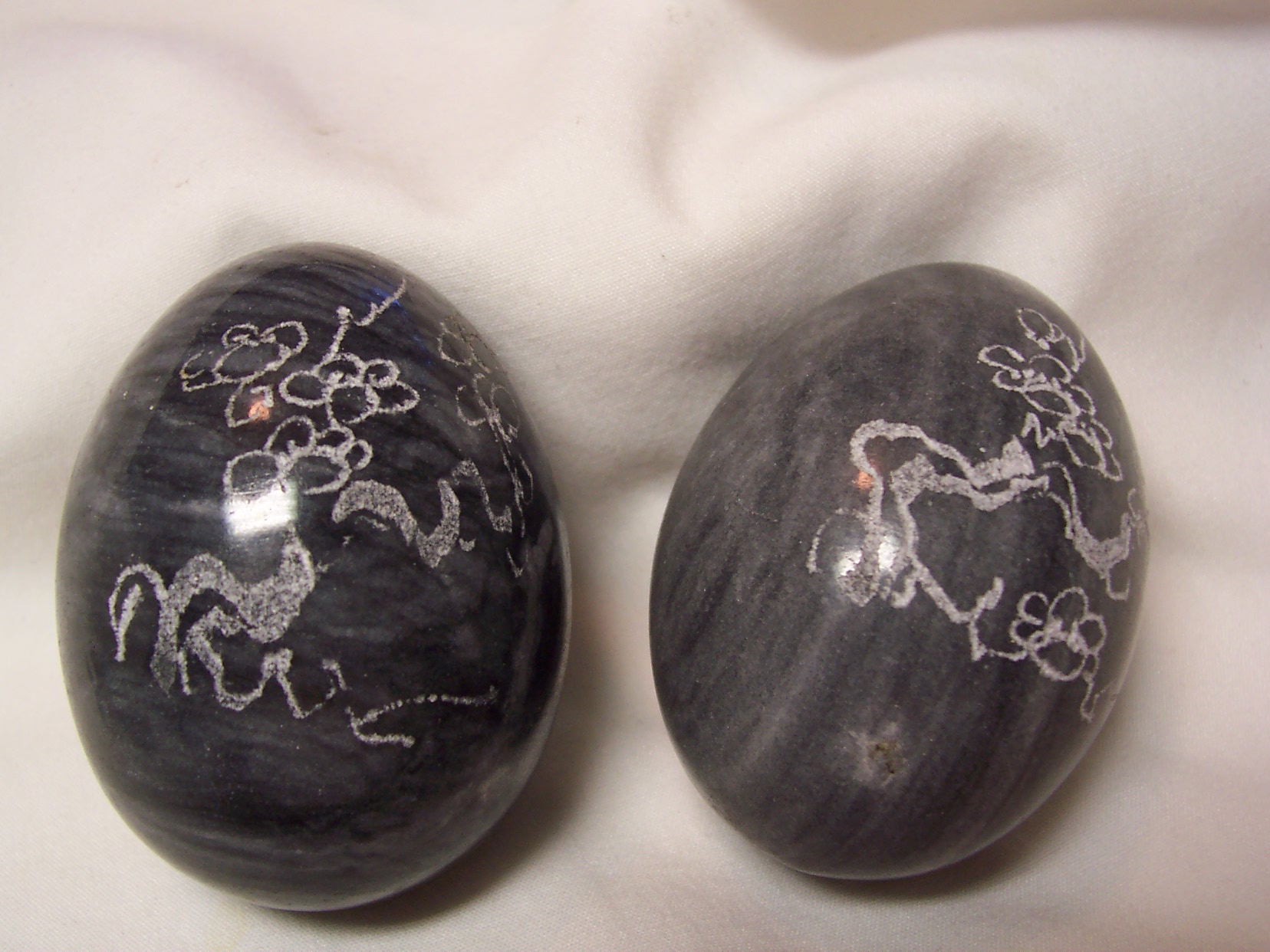 Vintage Scrimshaw Art Carved Marble Egg set of two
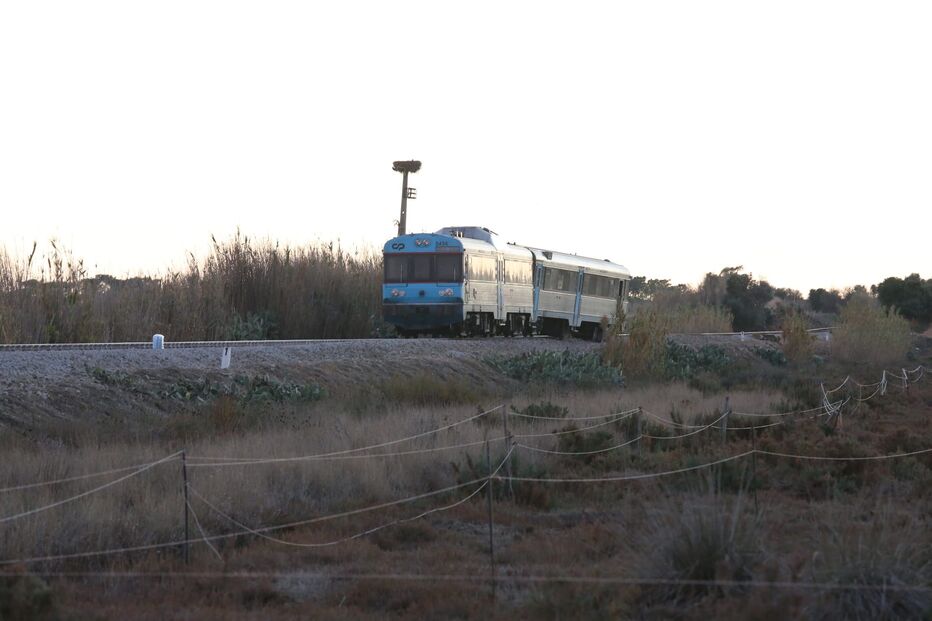 Descarrilamento de comboio em Olhão corta linha do Algarve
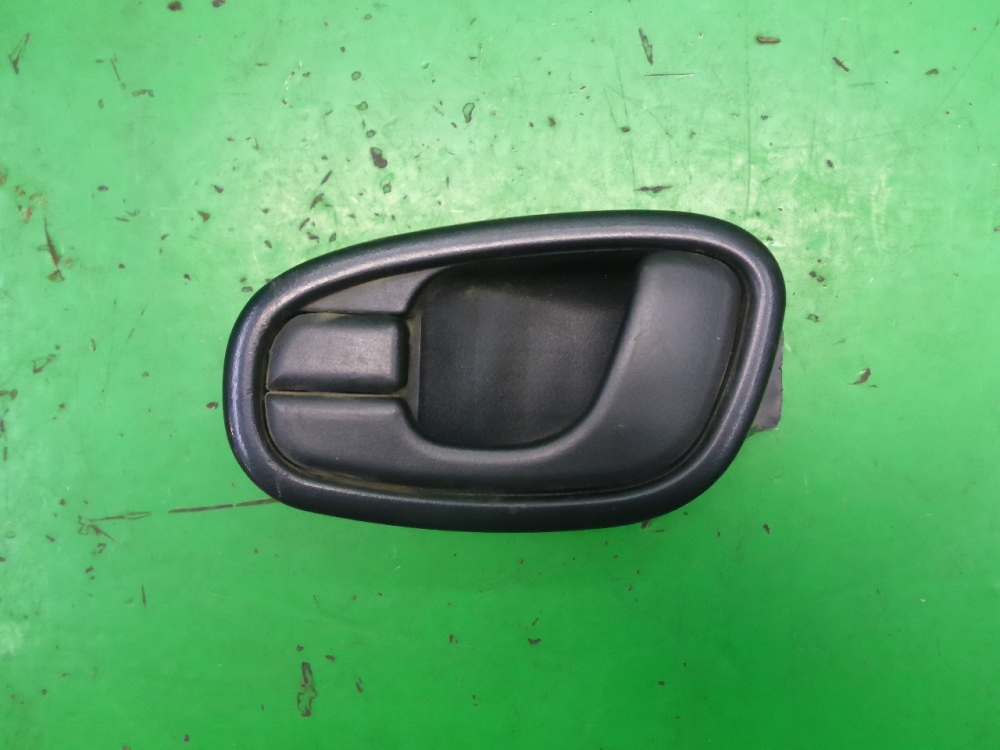 Ручка двери передней внутренняя левая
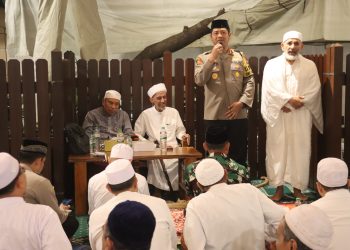 Sinergi Bersama Masyarakat, Kapolres Depok Hadiri Majelis Taklim di Pancoran Mas
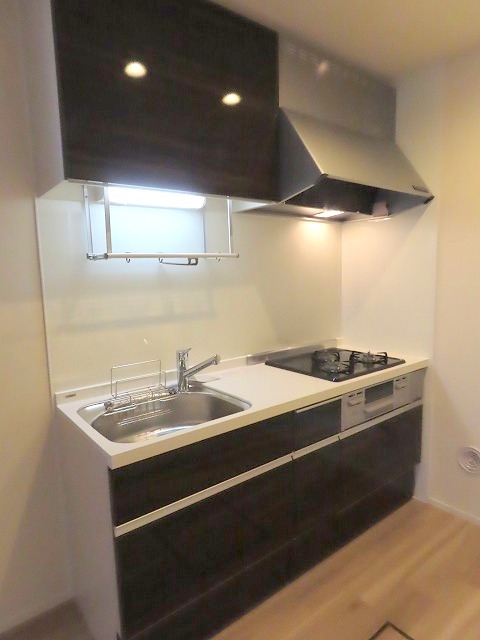 キッチン　ガス３口システムキッチン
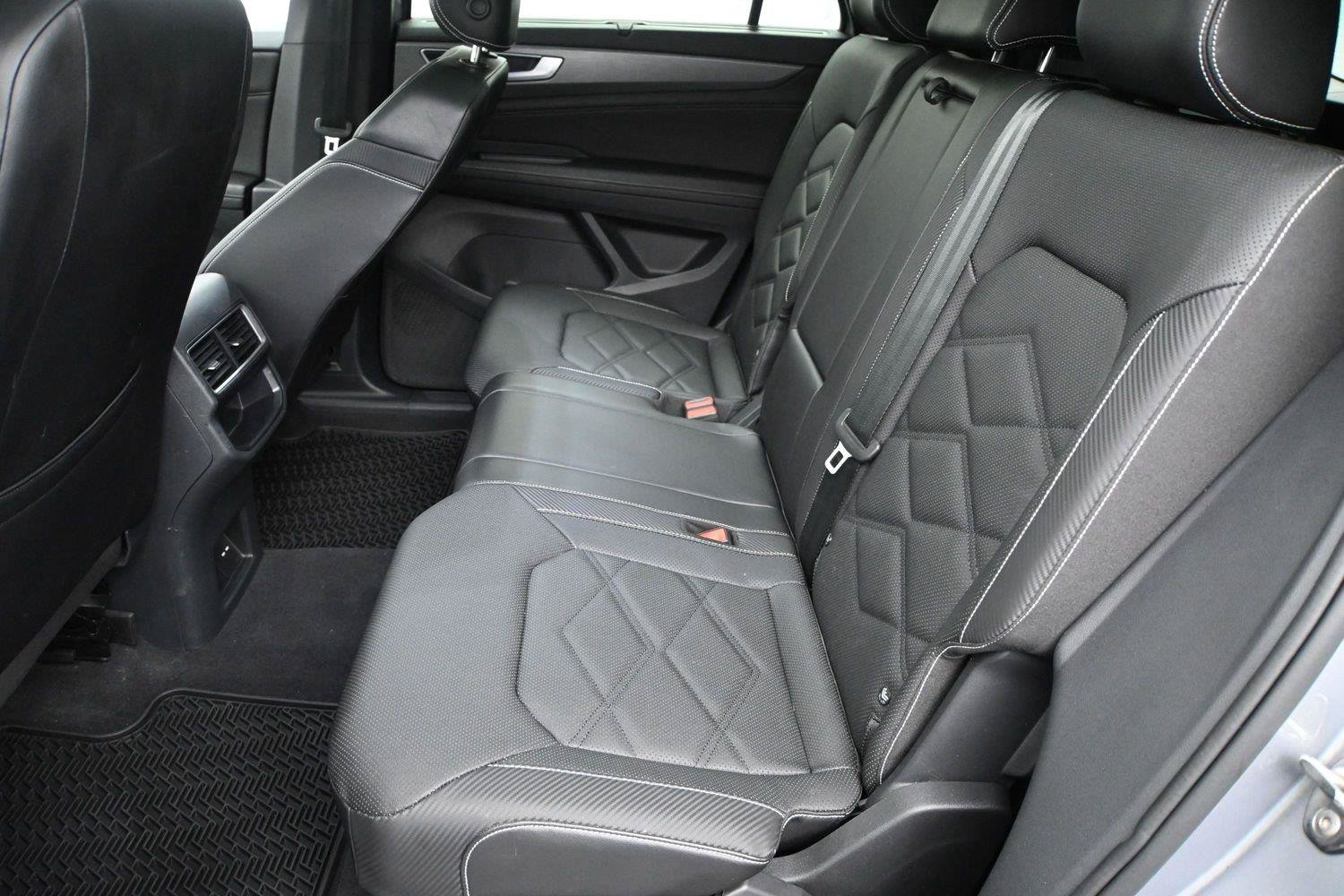 Certified 2024 Volkswagen Atlas Cross Sport SE w/ Panoramic Sunroof Package AWD/4WD image 12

+--

> _Task details_
What is needed is a word-for-word copy of the lines from the start of the data to the line with "キッチン　ガス３口システムキッチン", inclusive, with no pictures in it.

> _Written solution_
 Vintage Scrimshaw Art Carved Marble Egg set of two
 Descarrilamento de comboio em Olhão corta linha do Algarve
 Ручка двери передней внутренняя левая
 Sinergi Bersama Masyarakat, Kapolres Depok Hadiri Majelis Taklim di Pancoran Mas
 キッチン　ガス３口システムキッチン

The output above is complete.